Fig. 15—Modified-Basketmaker diorama in the Museum at Mesa Verde National Park. (Courtesy Mesa Verde National Park.)

THE MODIFIED-BASKETMAKER PERIOD[1]

During the succeeding period, there was a continuation of the same [basic culture], but there was great development and sufficiently important changes occurred to warrant recognition by the application of another name. The later [phase] is known as the Modified-Basketmaker period or as Basketmaker III. Some archaeologists believe that the cultural changes were so great that it would have been better if the term “Basketmaker” had not been applied to both periods.

The Modified Basketmaker period is marked by the beginning of a sedentary life and the establishment of regular communities. The essential continuity of the [culture] makes it difficult to assign specific dates to the period. A typical Basketmaker site is readily differentiated from a Modified Basketmaker site, but it is difficult to give a precise year for the time when the transition from one to the other occurred. The beginning is usually placed between 400 and 500 A. D. The earliest date yet established by tree-rings for a Modified-Basketmaker site is 475 A. D.[87] There is general agreement that, in most places, the Modified-Basketmaker period ended about 700 A. D., but some archaeologists place the terminal date as late as the ninth century for certain areas.
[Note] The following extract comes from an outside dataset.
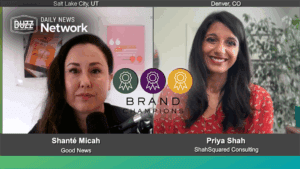 Brand champions with shanté micah and priya shah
One difficulty in trying to establish fixed dates for cultural phases is that change and development were not equal in all areas. Dates which may be correct for the main, or nuclear, area may be entirely incorrect if applied to peripheral regions where development was slower and fewer changes were made. During Modified Basketmaker times the San Juan drainage was still the nuclear area, but the [culture] was quite widespread and extended north into Utah, as far west as southwestern Nevada, and south to the Little Colorado in Arizona, and beyond Zuñi in New Mexico.

The Modified Basketmakers usually lived in villages made up of irregularly grouped houses with granaries clustered about them. In some cases there were only a few dwellings, in others there were as many as a hundred. Houses were usually of the pit variety, sometimes built very close together but not contiguous. The earliest structures were circular, but later they became more oval and eventually a rectangular form prevailed. At first houses were entered through a passageway leading from the ground outside. Sometimes there was a small antechamber at the outer end of the entrance passage. The pit depth varied from three to five feet and the diameter of the structures ranged between nine and twenty-five feet. The pit walls were sometimes plastered, but more often they were lined with stone slabs. Occasionally a few rows of adobe bricks were placed over the slabs. In some cases a combination of slabs and plaster was used, in others, poles or reeds covered with mud formed the wainscoting.
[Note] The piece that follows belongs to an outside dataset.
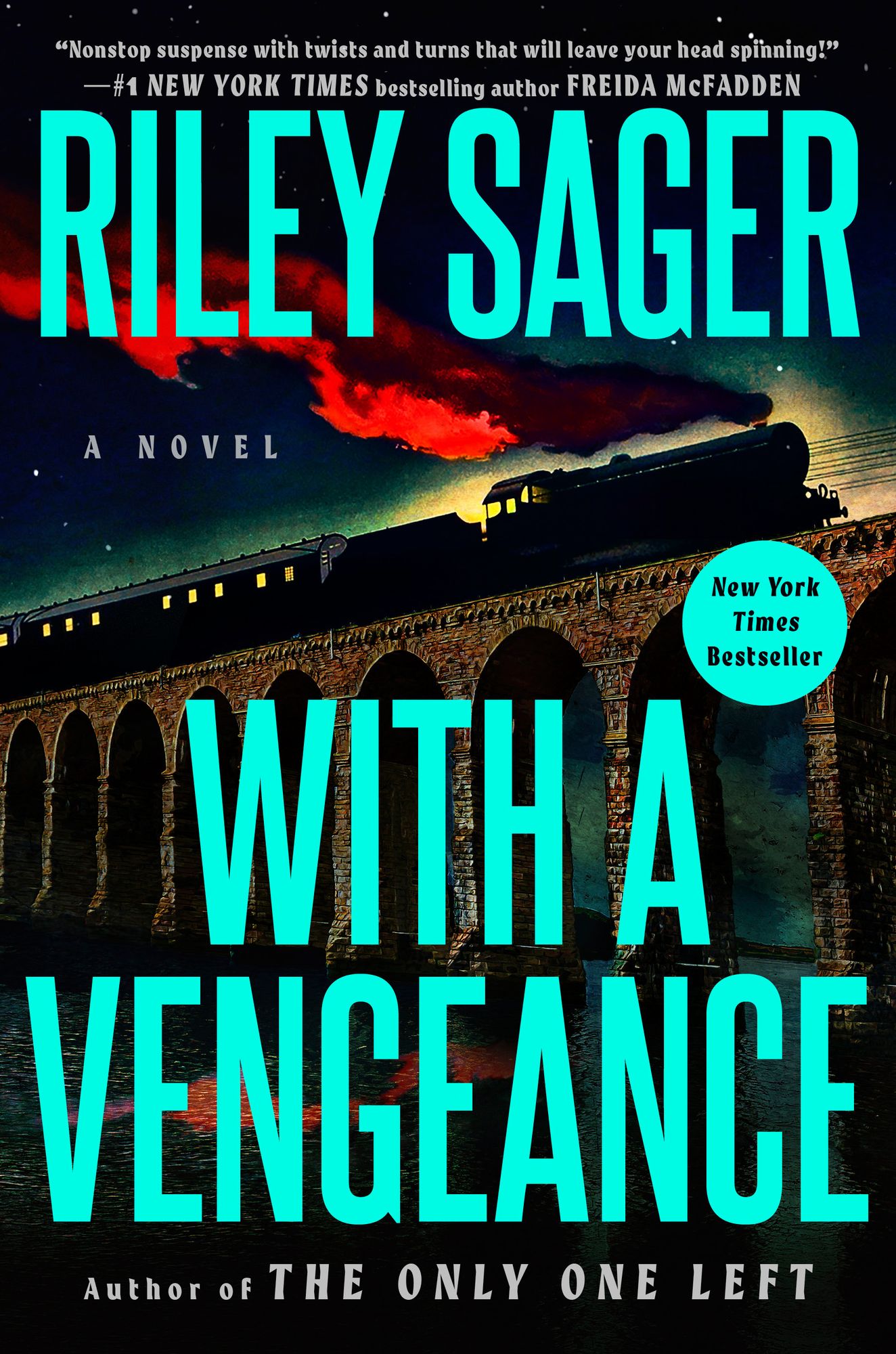 With a Vengeance: A Novel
Fig. 16—Modified-Basketmaker house after excavation. (Courtesy Mesa Verde National Park.)

The pit was covered by a conical or truncated superstructure with a hole in the center, designed to permit smoke to escape from the fireplace on the floor below. Later in the period the entrance passageways were so reduced in size as no longer to permit the passage of a human body, and entrance to the houses seems to have been through the hole or hatchway in the roof in which was placed a ladder leading to the room below. The roof surface may, in some cases, have provided extra living space since metates, manos, and pottery, have been found overlying roof timbers. Usually the basis of the superstructure was formed by four posts, imbedded in the floor, and supporting a platform of horizontal timbers. Smaller timbers or poles, set into the ground, leaned against the platform and others were laid horizontally across it. The whole was covered with mats or brush, then topped with a layer of plaster and earth reinforced with twigs, grass, and bark.